La vida cristiana como acción de gracias
La vida cristiana como acción de gracias
Por Yara Fonseca*
Normalmente, no me gusta escribir en primera persona, sin embargo, en esta ocasión me siento inclinada a hacerlo, pues recogiendo mis propias experiencias, he tenido la gracia de descubrir que, entre los muchos dones de la vida cristiana, la gratitud es uno de los más especiales.
Quisiera compartir la amistad espiritual que tengo con Monseñor Alcides Mendoza Castro (1928-2012), quien fue arzobispo emérito del Cuzco en el Perú. Fue ordenado obispo a fines de los años 50, convirtiéndose en el obispo más joven de su generación y entre los participantes del Concilio Vaticano II. Esta amistad se desarrolló durante los últimos cuatro años de vida de monseñor Alcides, brindándome la oportunidad de ser testigo de un testimonio de cristianismo maduro y lleno de convicciones profundas.
Muchas veces le escuché decir que “el peor pecado es la ingratitud”. Confieso que me quedaba pensando y tratando de entender qué quería decir, pues definitivamente no era una afirmación sacada de manuales de teología moral. Era como una certeza honda que salía con fuerza de su voz anciana y que me hablaba de que ésta era una sabiduría madurada durante toda su vida ministerial.
Tenía la costumbre de participar en la misa dominical y desayunar en su casa. En uno de esos encuentros en los días del Señor, le pregunté: por qué decía esto, de dónde venía tanta certeza.

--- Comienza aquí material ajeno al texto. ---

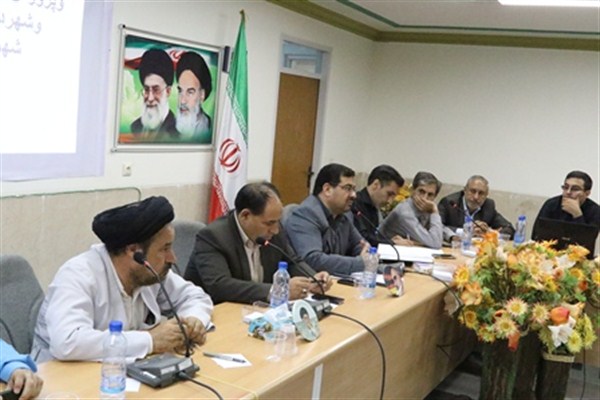 سرمایه گذاری در بحث آموزش ، سرمایه گذاری برای آینده است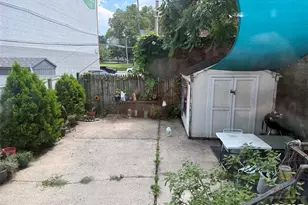 409 Cleveland Ave 1F, Harrison, NJ 07029 - Photo 16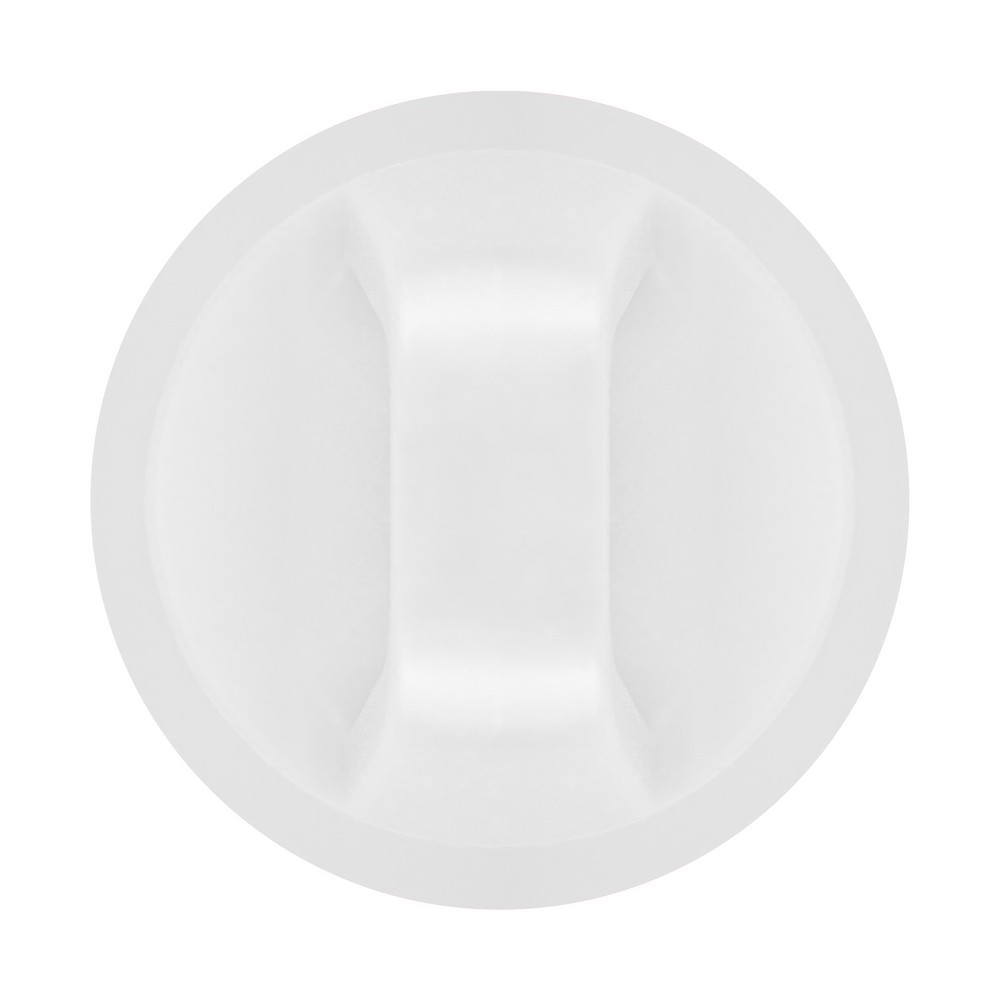Butelka termiczna Air Gifts Almaide 530 ml – klik i gotowe - Kubki i butelki termiczne z nadrukiem logo | VEBI - zdjęcie 7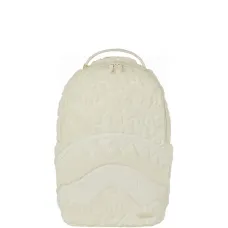 Рюкзак с мотивом акулы Рюкзак с мотивом акулы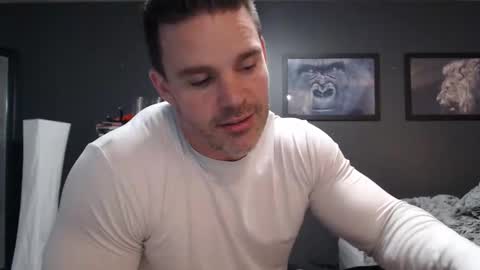 Snapshot of alexiarain chatting on 03/31/26, 02:35 Alex online show from 03/31/26, 02:35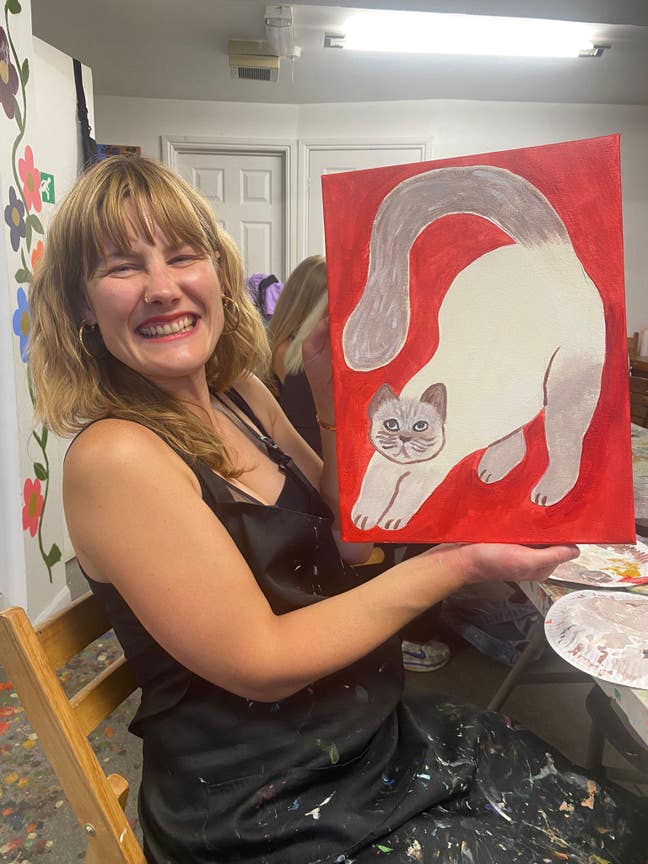 Looking for a 2 bed for me and my friend Main Photo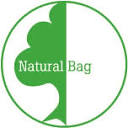 agribags.eu logo
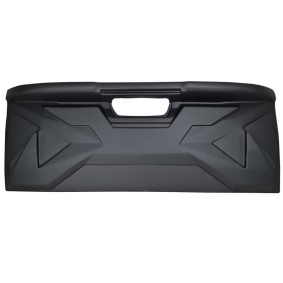 Köp Panel, baklucka av ONEWAY TC07.008 till det låga priset 3296,46 kr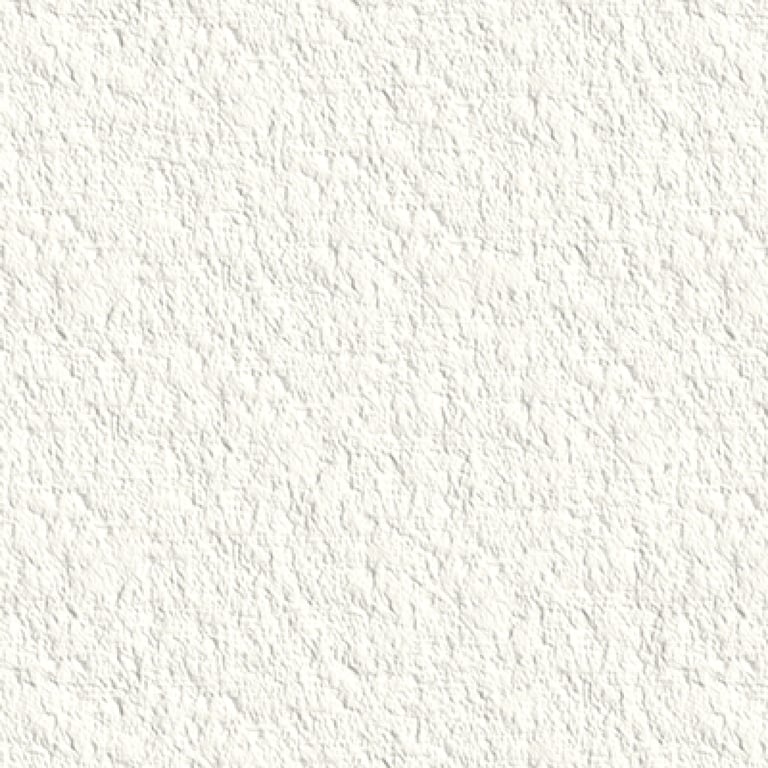 TextureCoating Wattyl Granosite GranoTrowl 2mmImpactTravertine FloralWhite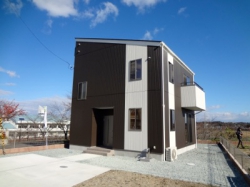 北海道函館市の坪単価と物件価格の推移 ハウスメーカー 工務店紹介 注文住宅ハウスメーカー評判 口コミランキング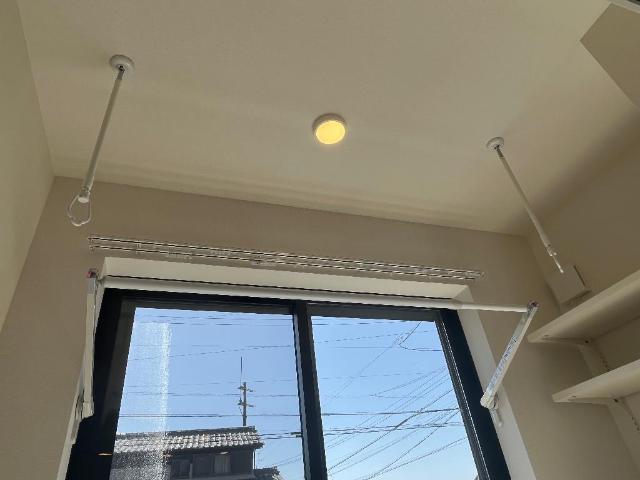 20/26 その他画像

A lo que recibí una respuesta muy directa: he visto muchas veces que quien es ingrato es capaz de las peores barbaridades.
Para mí fue como una de aquellas respuestas cortas y contundentes que quedan grabadas en algún lugar de la memoria, indicando que aquí hay una verdad espiritual que se me presentaba como una clave para mirar la vida. Con los días, me hice la idea de que la afirmación contraria es totalmente cierta. Si mi amigo Alcides dice que la ingratitud es como la semilla de cizaña que malogra el corazón, bien podríamos dar la vuelta y decir que la gratitud es trigo sembrado en el alma y que promete cosecha abundante de virtudes y buenas obras.

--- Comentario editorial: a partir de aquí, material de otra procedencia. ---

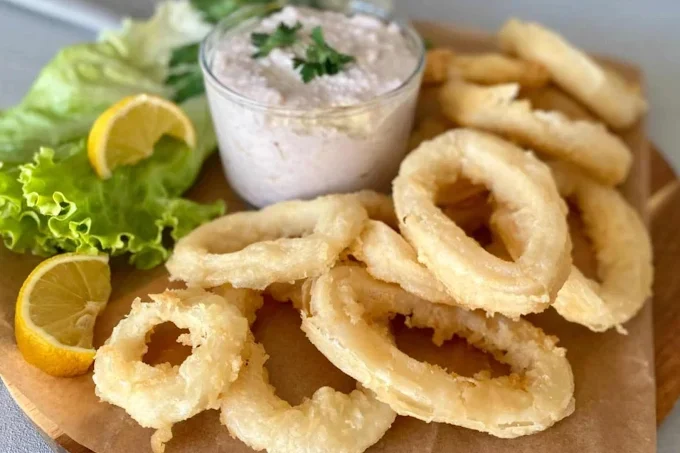 galeri_20260429_174648_4b3a5e6fad6589dc2f39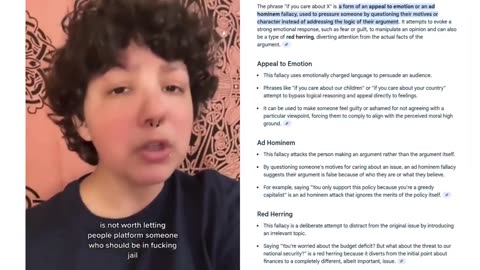 #Cenovus #MMIWG2S #mmiwg #oildrilling #mancamps #oilpipelines #mmiwg2slgbtq #oilworkers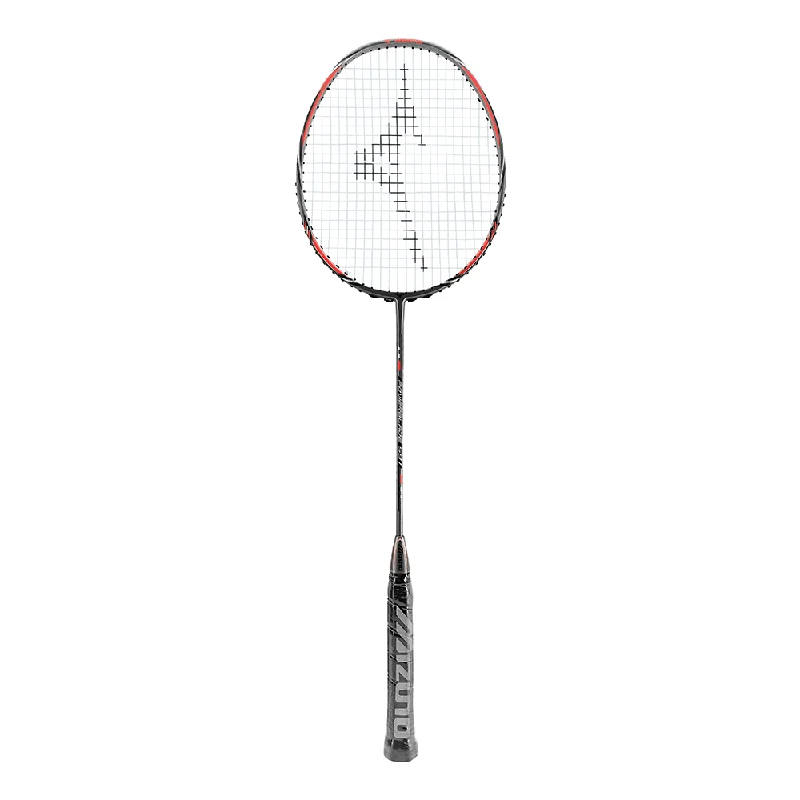 Mizuno Powerblade 591 Badminton Racket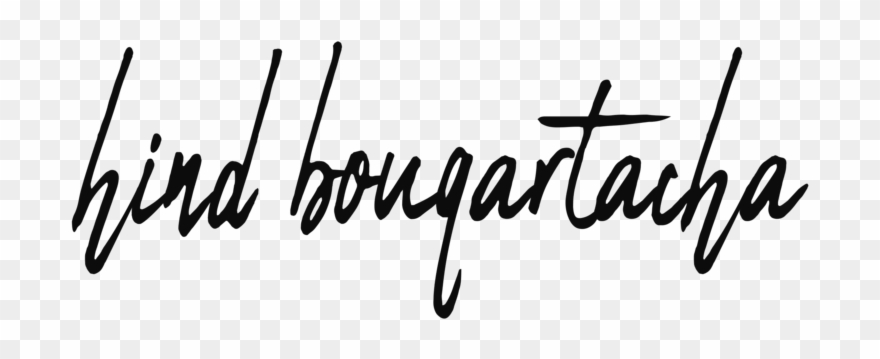 Clipart Hiver Gratuit - Png Download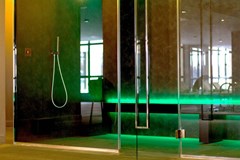 Green Resort  - photo 12
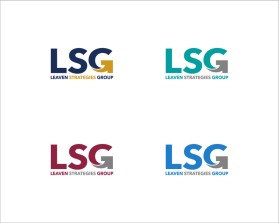 www.leavenstrategiesgroup.com entry by nirajdhivaryahoocoin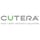 Cutera Logo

La vida cristiana es gratitud, es acción de gracias que brota de la experiencia de ser alcanzados por Dios, quien nos amó primero (1Jn 4,19). Quien se sabe amado de modo inmerecido, encuentra en esta misma sobreabundancia, la fuerza que lo impulsa a responder al amor con la donación libre de toda su realidad personal: afectiva, volitiva e intelectual.
La persona que se sabe creada, redimida y llamada a una nueva vida en Cristo posee un tesoro interior que le hace unirse al salmista que proclama: «¿Cómo pagaré al Señor todo el bien que me ha hecho?», (Salmo 115, 3).
Bien sabemos que nuestra fe profesa a un Dios que no pide nada a cambio por su amor, es un Dios que se dona y ama en libertad. Las palabras del salmista no están hablando de un pago similar al que ocurre en las interacciones humanas, sean estas afectivas, económicas o políticas. Se trata de una nueva lógica, de una sabiduría espiritual. Cuando tenemos la gracia de reconocer tanto amor recibido de manera inmerecida, simplemente queremos amar. No es pagar una factura, lo que además sería imposible, porque fuimos salvados a precio de la Sangre de Cristo (1Pe 1, 18-19). Es correspondencia, es agradecimiento.
San Ignacio de Loyola, en la conclusión de sus ejercicios espirituales, hace una invitación a darnos cuenta de tantos bienes recibidos gratuitamente y concluye con la conocida Contemplación para alcanzar amor que expresa este sentido.
Tomad, Señor, y recibid toda mi libertad, mi memoria, mi entendimiento y toda mi voluntad, todo mi haber y mi poseer; Vos me lo disteis, a Vos, Señor, lo torno; todo es vuestro, disponed a toda vuestra voluntad; dadme vuestro amor y gracia, que ésta me basta.
¡Todo es vuestro! Y lo que es Suyo, nos lo ha regalado porque nos ama. Cada corazón, cada uno de nosotros, en el silencio de las propias decisiones, necesita ponerse ante este amor y elegir cómo quiere responder, o mejor, cómo quiere corresponder.
La gratitud a Dios es trigo bueno que produce frutos en nuestras relaciones humanas. Es como una virtud que orienta nuestra relación con Dios y desde ahí nuestros vínculos interpersonales. En el árbol de la gratitud a Dios, podemos cosechar humildad, mansedumbre, magnanimidad, perdón, compasión hacia el otro, generosidad, paciencia; en fin, podemos adquirir una nueva sensibilidad para mirarnos a nosotros mismos y al prójimo.
* Yara Fonseca es consagrada de la Fraternidad Mariana de la Reconciliación y reside en Brasil con su comunidad.